Il 31 dicembre, al matttino presto, mentre partivo dall’aeroporto di Nairobi per Lusaka, un commesso di un negozio duty free mi blocca “Padre Kizito, ti ricordi me? Sono Leonard, sono stato a Kivuli per un anno, nel 2000. Vieni ti voglio offrire un caffè, ti voglio ringraziare.” Onestamente non riesco a riconoscere in lui uno dei bambini di Kivuli di 11 anni fa, non posso neanche fermarmi per il caffè perchè il volo è stato chiamato, ma mi imbarco contento e rilassato.

L’aeroporto di Nairobi, di solito cosi impersonale, sta diventando un posto di amici. Le ultime due volte che sono rientrato dall’Italia a Nairobi, c’era Benjamin, figlio di un pastore protestante di una chiesa all’inizio di Kabiria Road. Cinque o sei anni fa Benjamin giocava a pallacanestro nella squadra di Kivuli, adesso fa il manovratore dei tunnel di attracco degli aerei. Appena si apre il portellone, ed io cerco di essere fra i primi a scendere, è li che mi dice, anche lui con un sorriso sorpreso “Welcome back to Kenya, Sir”. “Sir”” non “padre”, perchè come tanti protestanti non riesca a chiamarmi cosi, ma il calore del benvenuto è genuino.

E l’altro ieri, tornando da Lusaka, l’hostess indiana della Kenya Airways che mi è passata accanto con fare professionale mille volte durante il volo, all’arrivo mi saluta “Sono nipote di Julian, ricordati di noi, padre”. Julian è un anziano indiano cattolico, famiglia originaria di Goa, che ogni anno non si dimentica di portare un regalino ai bambini di Kivuli.

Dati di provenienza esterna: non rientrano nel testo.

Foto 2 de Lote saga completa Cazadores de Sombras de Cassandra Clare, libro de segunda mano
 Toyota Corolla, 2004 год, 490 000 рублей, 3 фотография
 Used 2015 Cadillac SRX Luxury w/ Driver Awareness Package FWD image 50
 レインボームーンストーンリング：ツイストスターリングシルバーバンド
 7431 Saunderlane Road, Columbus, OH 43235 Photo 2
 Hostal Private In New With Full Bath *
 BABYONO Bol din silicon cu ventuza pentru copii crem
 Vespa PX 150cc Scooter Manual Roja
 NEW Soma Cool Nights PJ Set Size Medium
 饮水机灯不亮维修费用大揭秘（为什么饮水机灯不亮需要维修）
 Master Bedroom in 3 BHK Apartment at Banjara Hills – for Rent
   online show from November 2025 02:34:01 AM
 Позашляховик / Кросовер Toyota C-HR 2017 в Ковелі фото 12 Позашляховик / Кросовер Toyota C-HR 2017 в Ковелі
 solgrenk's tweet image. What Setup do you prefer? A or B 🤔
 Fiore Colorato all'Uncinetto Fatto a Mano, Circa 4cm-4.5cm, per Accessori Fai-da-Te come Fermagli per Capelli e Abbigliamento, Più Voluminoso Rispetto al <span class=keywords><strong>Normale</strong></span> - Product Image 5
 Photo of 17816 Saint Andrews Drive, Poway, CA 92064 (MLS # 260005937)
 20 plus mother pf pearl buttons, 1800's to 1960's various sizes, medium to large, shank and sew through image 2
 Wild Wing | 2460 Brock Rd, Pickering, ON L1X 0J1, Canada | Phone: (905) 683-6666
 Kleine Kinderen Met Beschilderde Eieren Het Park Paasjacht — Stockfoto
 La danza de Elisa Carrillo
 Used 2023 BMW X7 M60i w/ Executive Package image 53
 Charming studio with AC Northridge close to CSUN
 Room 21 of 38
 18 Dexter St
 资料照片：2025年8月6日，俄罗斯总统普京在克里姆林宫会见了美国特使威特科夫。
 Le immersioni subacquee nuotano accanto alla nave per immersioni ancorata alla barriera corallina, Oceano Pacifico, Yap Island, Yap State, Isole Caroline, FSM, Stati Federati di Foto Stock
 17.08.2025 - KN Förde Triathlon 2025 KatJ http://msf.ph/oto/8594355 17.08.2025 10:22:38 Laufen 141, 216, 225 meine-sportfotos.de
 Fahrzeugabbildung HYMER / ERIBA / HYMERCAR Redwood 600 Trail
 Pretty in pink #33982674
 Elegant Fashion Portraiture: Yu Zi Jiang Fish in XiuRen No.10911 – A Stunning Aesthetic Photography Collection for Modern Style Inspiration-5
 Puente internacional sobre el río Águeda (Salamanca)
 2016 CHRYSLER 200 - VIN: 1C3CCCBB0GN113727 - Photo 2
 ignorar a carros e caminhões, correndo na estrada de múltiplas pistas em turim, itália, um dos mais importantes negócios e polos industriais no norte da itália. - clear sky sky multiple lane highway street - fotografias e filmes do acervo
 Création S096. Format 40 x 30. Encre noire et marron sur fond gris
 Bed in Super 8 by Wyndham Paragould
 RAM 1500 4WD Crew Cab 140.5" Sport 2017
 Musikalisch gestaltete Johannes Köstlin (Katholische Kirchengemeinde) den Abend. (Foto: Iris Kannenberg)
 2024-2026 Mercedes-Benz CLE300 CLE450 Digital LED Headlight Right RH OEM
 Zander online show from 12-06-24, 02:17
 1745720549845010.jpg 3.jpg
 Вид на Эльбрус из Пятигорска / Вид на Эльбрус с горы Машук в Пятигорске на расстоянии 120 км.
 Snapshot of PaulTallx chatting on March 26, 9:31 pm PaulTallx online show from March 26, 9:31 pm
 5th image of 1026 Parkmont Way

L’ultima volta che sono andato a Mombasa, in un parcheggio, sto chiedendo indicazioni per andare a visitare una scuola vicino al mare dove poter mandare per una settimana di vacanza le ragazze della Casa di Anita. Passa un trentenne, si ferma “Ma tu sei padre Kizito! Io sono venuto per due o tre anni a fare karate a Kivuli. Non ti ho mai parlato, non sono cattolico e mi mettevi un pò di soggezione. Cosa posso fare per te?” Gli spiego il problema, Mi dice senza esitazione che conosce la scuola, è solo ad una decina di chilometri di distanza, però la strada è complicata, ma lui è pronto ad accompagnarmi, poi si arrangerà a tornare indietro. Ma è un giorno feriale, non lavora? “Si lavoro, ma posso prendermi un paio d’ore per accompagnarti.” Durante il percorso insieme mi racconta che i suoi vivono ancora sulla Kabiria Road, e che lui si è laurato in Economia e Commercio. Come tanti, dopo la laura ha fatto due anni di “tarmacking” – da “tarmac”, asfalto in inglese, verbo inventato in Kenya per indicare gli interminabili pellegrinaggi a piedi in cerca di lavoro – poi finalmente ha trovato lavoro per una ditta cinese. Cosa fa? Gli hanno dato un’auto e gira per tutte le strade del Kenya, localizzando le carcasse di auto e bus che sono state abbandonate sul posto dopo un incidente. La ditta manda un camion a prenderle, le carica su un cargo a Mombasa, e spedisce tutto in Cina, perchè in Kenya non c’è un fonderia.

Incontri veloci, semplici, ma che ti fanno sentire parte di una comunità, ti possono perfino far pensare di essere importante, cosa che non fa male. Se a me fa cosi tanto piacere sentire un “grazie” spontaneo e sincero, devo anche abituarmi a dirlo agli altri.